The federal government is also introducing measures to decrease the corporate income tax rates for qualifying zero-emission technology manufacturers for income created from eligible manufacturing activities. They hope to decrease the federal general corporate rate from 15% to 7.5% and the federal small business tax rate from 9% to 4.5% for income of qualifying taxpayers from such activities. A taxpayer could qualify for this measure if at least 10 per cent of its gross revenue from all active corporate activity within Canada results from activities deemed to be “eligible.”
For a more detailed summary of all of the tax measures included in Budget 2021, see our Tax Group bulletin.

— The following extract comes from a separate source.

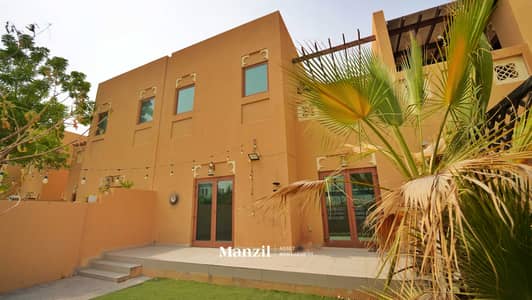 تاون هاوس 3 غرف نوم للايجار في الفرجان، دبي - تاون هاوس في الفرجان - دبي ستايل،فلل الفرجان،الفرجان 3 غرف 210000 درهم - 12280716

The government’s goal to transition to a low carbon economy will necessitate a shift to low carbon fuels. In order to support clean fuel investments, the government is introducing a budget envelope of $1.5 billion over five years to Natural Resources Canada to establish a Clean Fuels Fund. The fund will support the production and distribution of low-carbon and zero-emission fuels, including hydrogen and biomass, across Canada, and around the world. This fund is also expected to position Canada as a global hydrogen leader pursuant to the Hydrogen Strategy for Canada(PDF).

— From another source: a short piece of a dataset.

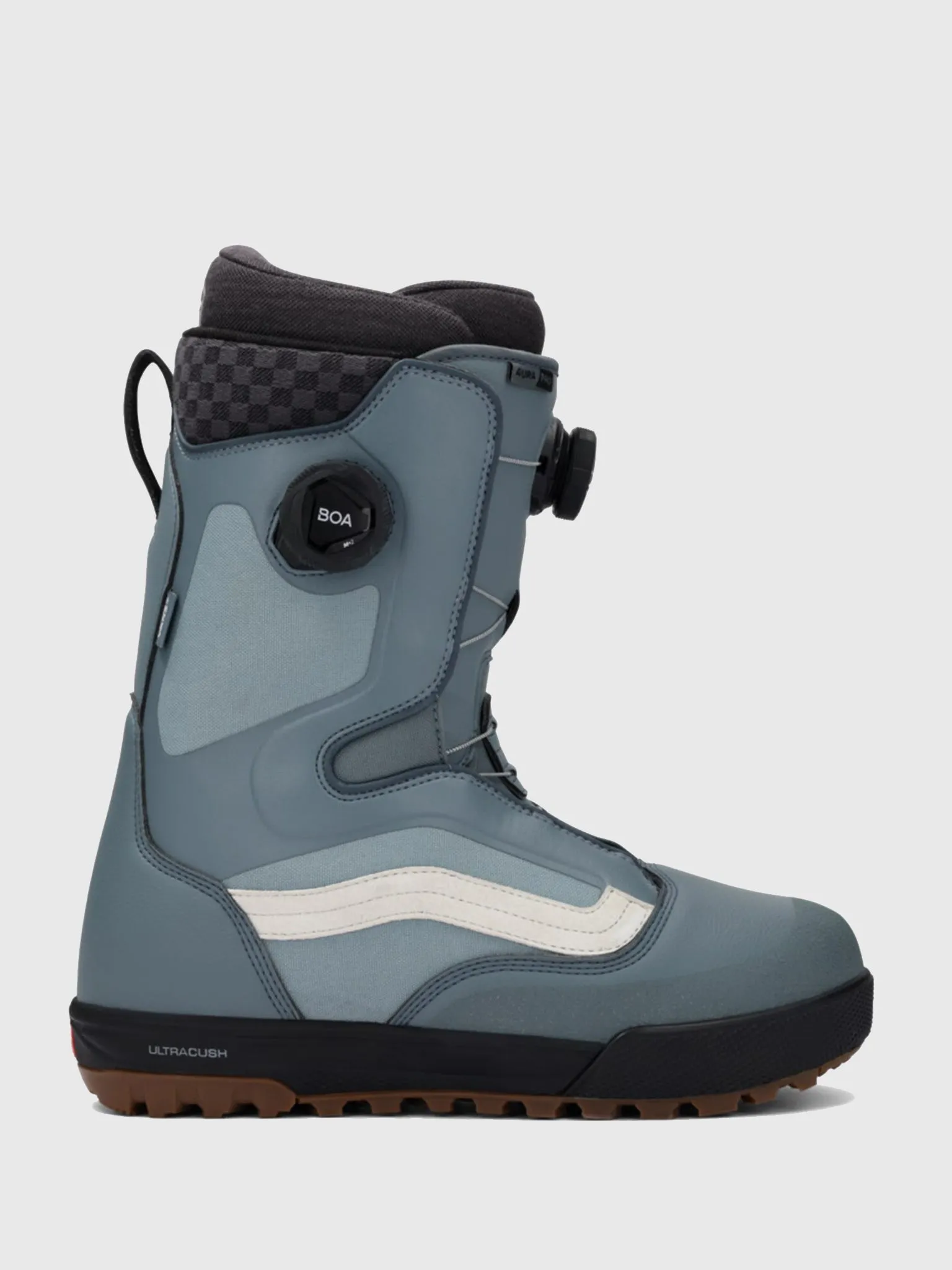 Vans Aura Pro Men's Snowboard Boots 2026 sold by Saint Bernard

To encourage industry to produce clean fuels, the federal government has announced its commitment to buy low-carbon fuels for use in federal domestic air and marine fleets paired with the initiatives below:
- An investment of $227.9 million over eight years, starting in 2023-2024, to the Treasury Board Secretariat to implement a Low-Carbon Fuel Procurement Program within the Greening Government Fund, which will support the long-term development of low-emission marine and aviation fuels.
- Using and expanding federal procurement to support the Greening Government Strategy so that public dollars prioritize the use of lower carbon materials, fuels, and processes.
The government has prioritized powering federal buildings with 100 per cent clean electricity by 2022, and so the budget aims to provide $14.9 million over 4 years, starting in 2022-2023, with $77.9 million in future years, to Public Services and Procurement Canada for a Federal Clean Electricity Fund to purchase renewable energy certificates for all federal government buildings.
As governments seek solutions to the growing concern of climate change, there will continue to be shifts in Canada’s energy landscape. Industry should take advantage of these opportunities presented by the federal government, including funding and incentives. Many countries have been expanding their energy portfolios to find economical and feasible alternative energy resources. Jurisdictions across Canada are beginning to advance their own policies and messaging about the unique potential for new technologies and energy alternatives, and the federal government is prioritizing these initiatives. These next few years as Canada’s energy sector continues its transition, now with considerable support from Budget 2021, businesses may have the capacity to contribute in a significant way to Canada’s targets as the country continues to chase its net-zero emissions target.